HackerEarth Chocolate distribution problem solution

In this HackerEarth Chocolate distribution problem solution There are N people standing in a row with some counti (1 <=i <= N) a number of chocolates in their hands. You have to select a range of people and take all their chocolates with the condition that you should be able to distribute those chocolates equally among M boxes.

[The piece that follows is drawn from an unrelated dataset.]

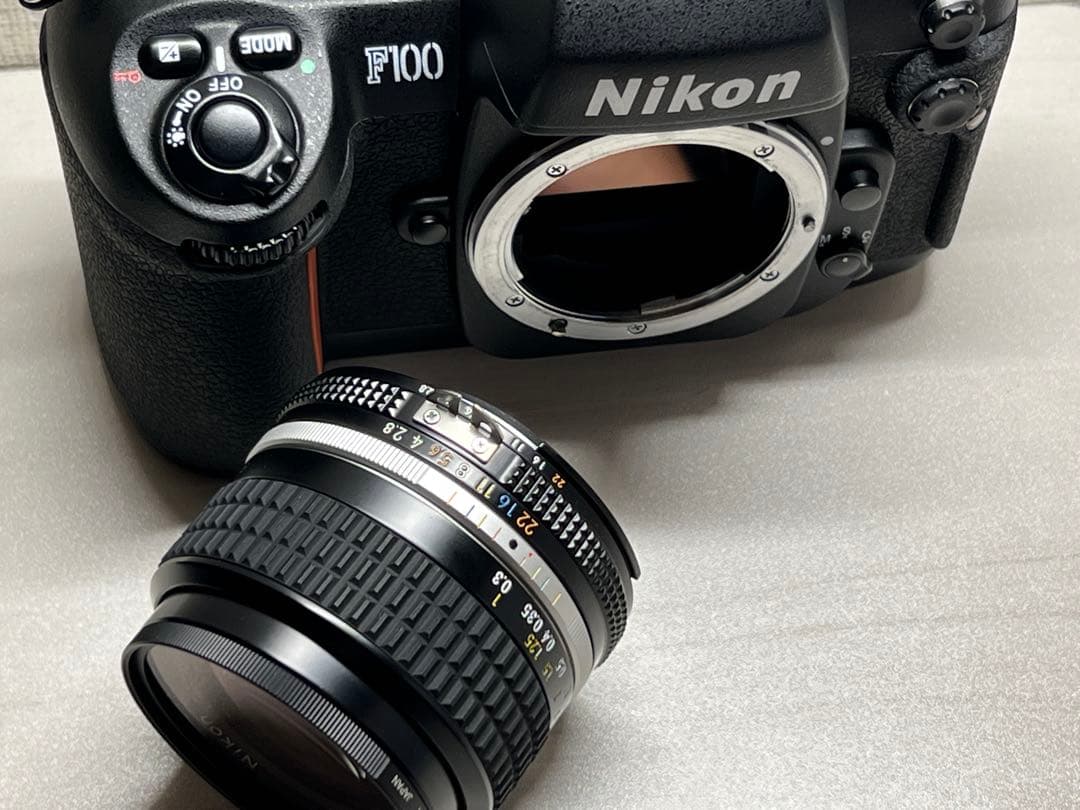 Nikon F100 + レンズ2本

Write a program to determine the maximum number of chocolates that can be placed in a box.

HackerEarth Chocolate distribution problem solution.

#include <bits/stdc++.h>
#define MAX 100005
using namespace std;
long long int last_modulo[MAX];
int main()
{
  int testcase ;
  scanf("%d" , &testcase);
  int arr[MAX];
  long long int ans = 0;
  while(testcase--)
  {
    ans = 0;
    int n , m ;
    scanf("%d %d" , &n , &m);
    memset( last_modulo , -1 , sizeof(last_modulo) );
    last_modulo[0] = 0;
    for( int i = 0 ; i < n ; i++ )
      scanf("%d" , &arr[i] );

    long long int sum = 0;
    for( int i = 0 ; i < n ; i++ )
    {
      sum += arr[i];
      int tmp = sum % m ;
      if( last_modulo[ tmp ] == -1 )
      {
        last_modulo[tmp] = sum ;
      }
      else
      {
        ans = max( ans , sum - last_modulo[tmp] );
      }
    }
    printf("%d\n",ans / m  );
  }
  return 0;
}

Second solution

#include <bits/stdc++.h>

using namespace std;

#define bug() printf("BUG\n")
#define bug1(n) printf("bg1 %d\n",n)
#define bug2(a,b) printf("bg2 %d %d\n",a,b)
#define MOD 1000000007
#define ll long long
#define vi vector< int >
#define vll vector< long long >
#define vvi vector< vector< int > >
#define vvll vector< vector< long long > >
#define pi pair< int, int >
#define pll pair< long long, long long >
#define vpi vector< pair< int, int > >
#define vpll vector< pair< long long, long long > >
#define pb(n) push_back(n)
#define mp(a,b) make_pair(a,b)
#define printA(a,n) for(int i = 0;i < n;++i) cout<<a[i]<<" "; cout<<endl;

int main()
{
  int t;
  scanf("%d",&t);
  assert(t >= 1 && t <= 1000);
  ll ns = 0;
  while(t--)
  {
    ll n,m;
    scanf("%lld %lld",&n,&m);
    ns += n;
    assert(n >= 1 && n <= 100000);
    assert(m >= 1 && m <= 100000);
    ll a[n+1],sum = 0;
    ll mods[n+1],sums[n+1];
    ll firsts[100005]={0},lasts[100005]={0};
    a[0] = 0;
    mods[0] = 0;
    sums[0] = 0;
    for (int i = 1; i <= n; ++i)
    {
      scanf("%lld",&a[i]);
      assert(a[i] >= 0 && a[i] <= 100000);
      sum += a[i];
      sums[i] = sum;
      mods[i] = sum%m;
      if (mods[i] == 0)
      {
        lasts[0] = i;
      }
      else if(firsts[mods[i]] == 0)
      {
        firsts[mods[i]] = i;
        lasts[mods[i]] = i;
      }
      else
      {
        lasts[mods[i]] = i;
      }
    }
    if(sum < m)
    {
      printf("0\n");
      continue;
    }
    if(sum%m == 0)
    {
      printf("%lld\n", sum/m);
      continue;
    }
    ll ans = 0,temp;
    for (int i = 0; i < m; ++i)
    {
      temp = (sums[lasts[i]] - sums[firsts[i]])/m;
      if (temp > ans)
      {
        ans = temp;
      }
    }
    printf("%lld\n", ans);
  }
  assert(ns <= 10000000);
  return 0;
}